Over the summer, a mobile app called FaceApp briefly took the Internet and the mobile world by storm with a face-aging feature that let any user take a selfie and immediately see what they'd look like when they're old.
As it caught fire, the app became a popular topic in the news, and on Instagram, Twitter, and Facebook feeds were overrun with pictures of aging friends.
While all of that was happening, Democrat Senator Chuck Schumer of New York wondered whether the app's developer, Wireless Lab, which resides in Russia, posed a problem.
It took a few months, but today he received the answer he perhaps didn't want to receive.
"A warning to share with your family & friends: This year when millions were downloading FaceApp, I asked the FBI if the app was safe," Schumer tweeted Monday afternoon. "Well, the FBI just responded.
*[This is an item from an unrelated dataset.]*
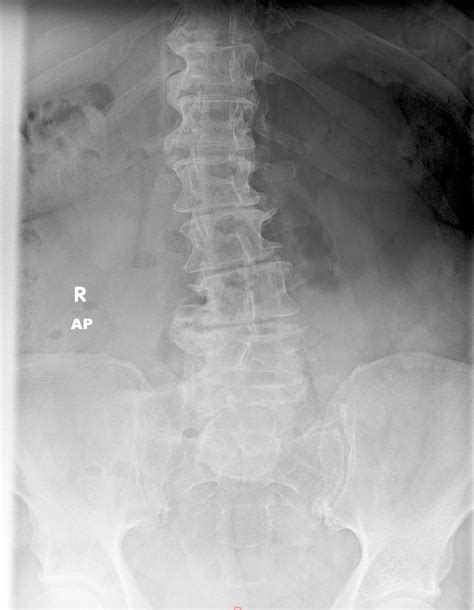 I collect osteophytes. I don’t show my collection to just anyone. : r ...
And they told me any app or product developed in Russia like FaceApp is a potential counterintelligence threat."
Schumer's tweet accompanied a letter from the FBI in which it didn't necessarily call FaceApp a counterintelligence threat, but did say that, like all other Russian apps, it could pose problems.
"Russia's intelligence services maintain robust cyber exploitation capabilities as evidenced by, for example, Russia's surveillance system, the System of Operative Search Measures, which allows the Russian Federal Security Service (FSB) to obtain telephonic and online communications via direct communication to Internet service providers (ISP)," the FBI wrote. "In other words, the FSB can remotely access all communications and servers on Russian networks without making a request to ISPs."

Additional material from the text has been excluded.